Initially designed to contain five large townhouse units, construction of the building by a private developer started in 2006 but stalled. Rowan bought the vacant property in 2013 for $440,000 and spent more than $6 million redesigning and reconstructing it.

Rowan in September 2015 formally opened the new facility, a three-story, 17,000 square-foot structure with the gallery on the first floor and classrooms, offices, computer labs and student lounges on the floors above.

Among the building’s most striking features is a wall of glass that rises from street level above the roofline and showcases the building’s stairwell. The stairwell is lighted at night, as is a distinctive Rowan torch emblem on the building’s High Street side that, taken together, adds to the borough’s developing cityscape and helps build a sense of place.

“It serves as a kind of beacon,” Moore said. “We wanted the building itself to be something of a work of art and I think we accomplished that. The other thing we wanted was for it to be easily accessible, both to students and the general public.”

The building, completely redesigned by SOSH Architects of Atlantic City, was recognized by Learning by Design in its Fall 2016 issue. Published twice a year with features on educational architecture, the magazine included 301 W. High Street among 10 “outstanding” college or university projects.

The building serves as an anchor on the west end of a budding Arts & Entertainment district. The east end is anchored by Let’s Dance Studio near the Glassboro Post Office and an outdoor art space was created in the just-opened Town Square at High and Main streets as part of the $350 million Rowan Boulevard project.

In addition to the Learning by Design award, Moore said a recent landscape redesign featuring seasonal plantings and discreet wastewater management around Linden and Memorial halls won an award from the Society for College and University Planning International.

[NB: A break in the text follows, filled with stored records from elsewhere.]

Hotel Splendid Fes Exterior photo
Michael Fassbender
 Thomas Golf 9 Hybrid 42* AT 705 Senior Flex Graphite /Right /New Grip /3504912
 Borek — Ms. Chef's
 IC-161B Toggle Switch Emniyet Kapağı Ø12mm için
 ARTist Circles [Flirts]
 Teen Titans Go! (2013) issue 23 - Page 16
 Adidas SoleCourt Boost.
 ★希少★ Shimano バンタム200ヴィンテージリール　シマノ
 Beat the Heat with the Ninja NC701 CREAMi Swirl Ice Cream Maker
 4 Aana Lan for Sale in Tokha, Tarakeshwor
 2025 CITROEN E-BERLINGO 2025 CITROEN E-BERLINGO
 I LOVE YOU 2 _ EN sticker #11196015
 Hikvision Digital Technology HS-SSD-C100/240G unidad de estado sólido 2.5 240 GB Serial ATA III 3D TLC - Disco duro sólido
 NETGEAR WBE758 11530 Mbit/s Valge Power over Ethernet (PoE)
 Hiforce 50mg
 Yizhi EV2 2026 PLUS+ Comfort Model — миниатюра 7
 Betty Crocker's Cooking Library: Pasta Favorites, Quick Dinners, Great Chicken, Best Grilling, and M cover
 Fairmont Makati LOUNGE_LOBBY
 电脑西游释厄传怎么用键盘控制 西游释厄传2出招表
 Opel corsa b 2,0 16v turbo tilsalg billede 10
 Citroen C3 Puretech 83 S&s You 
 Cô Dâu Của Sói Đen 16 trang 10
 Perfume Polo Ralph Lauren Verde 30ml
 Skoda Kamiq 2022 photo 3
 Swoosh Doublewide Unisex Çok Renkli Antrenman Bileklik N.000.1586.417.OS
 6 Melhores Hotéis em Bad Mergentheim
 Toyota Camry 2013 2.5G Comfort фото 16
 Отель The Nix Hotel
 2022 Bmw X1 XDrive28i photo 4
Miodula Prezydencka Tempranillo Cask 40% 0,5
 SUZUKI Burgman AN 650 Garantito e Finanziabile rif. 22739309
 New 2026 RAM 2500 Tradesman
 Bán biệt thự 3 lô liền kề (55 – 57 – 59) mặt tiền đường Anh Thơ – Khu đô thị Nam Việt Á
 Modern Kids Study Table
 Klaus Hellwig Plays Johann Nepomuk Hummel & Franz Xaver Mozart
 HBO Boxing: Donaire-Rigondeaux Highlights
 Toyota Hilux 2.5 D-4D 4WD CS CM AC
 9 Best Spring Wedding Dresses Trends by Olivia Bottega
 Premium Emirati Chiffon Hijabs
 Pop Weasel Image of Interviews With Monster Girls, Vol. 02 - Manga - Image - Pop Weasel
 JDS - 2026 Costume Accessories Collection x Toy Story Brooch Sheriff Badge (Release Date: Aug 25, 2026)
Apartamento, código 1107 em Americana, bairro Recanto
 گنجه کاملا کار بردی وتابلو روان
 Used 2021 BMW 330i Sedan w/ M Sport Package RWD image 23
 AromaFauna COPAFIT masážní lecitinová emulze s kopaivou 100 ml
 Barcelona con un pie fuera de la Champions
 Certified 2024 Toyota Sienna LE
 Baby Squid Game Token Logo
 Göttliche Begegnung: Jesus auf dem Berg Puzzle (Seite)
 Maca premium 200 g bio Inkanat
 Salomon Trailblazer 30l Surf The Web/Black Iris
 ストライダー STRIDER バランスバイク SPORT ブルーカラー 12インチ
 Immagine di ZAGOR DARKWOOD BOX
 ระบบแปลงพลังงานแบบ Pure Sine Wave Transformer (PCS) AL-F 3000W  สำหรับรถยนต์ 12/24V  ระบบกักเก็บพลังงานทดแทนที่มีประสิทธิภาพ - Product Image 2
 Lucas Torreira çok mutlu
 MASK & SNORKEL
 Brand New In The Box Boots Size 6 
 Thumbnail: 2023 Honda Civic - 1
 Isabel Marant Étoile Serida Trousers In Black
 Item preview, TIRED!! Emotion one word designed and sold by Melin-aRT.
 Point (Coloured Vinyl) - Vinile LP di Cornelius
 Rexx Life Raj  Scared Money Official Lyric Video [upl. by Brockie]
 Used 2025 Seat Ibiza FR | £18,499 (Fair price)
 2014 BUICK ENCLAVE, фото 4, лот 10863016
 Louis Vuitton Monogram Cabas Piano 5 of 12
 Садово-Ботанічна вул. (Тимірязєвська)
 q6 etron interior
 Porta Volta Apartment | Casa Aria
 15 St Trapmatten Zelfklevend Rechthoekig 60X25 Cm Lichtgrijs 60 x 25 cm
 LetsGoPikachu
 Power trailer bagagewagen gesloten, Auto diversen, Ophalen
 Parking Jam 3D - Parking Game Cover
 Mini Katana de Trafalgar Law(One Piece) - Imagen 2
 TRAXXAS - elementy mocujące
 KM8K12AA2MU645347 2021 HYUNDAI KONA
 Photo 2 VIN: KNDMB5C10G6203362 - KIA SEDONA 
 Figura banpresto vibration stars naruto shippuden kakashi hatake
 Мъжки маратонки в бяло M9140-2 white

The awards are significant because they reflect the special attention being paid, often at great cost, to building and property aesthetics throughout the University. Examples include the recently-opened Holly Pointe Commons residence hall, the renovated Camden Campus Academic Building and new buildings for the Rohrer College of Business and the Henry M. Rowan College of Engineering, both of which will open in January.

“A facility can in fact be a refuge, it can have an impact on people,” Moore said. “The fact is that poorly designed facilities are not inspiring to students. As we touch people on and about our campuses, part of our job is to make sure the environment is inspiring.”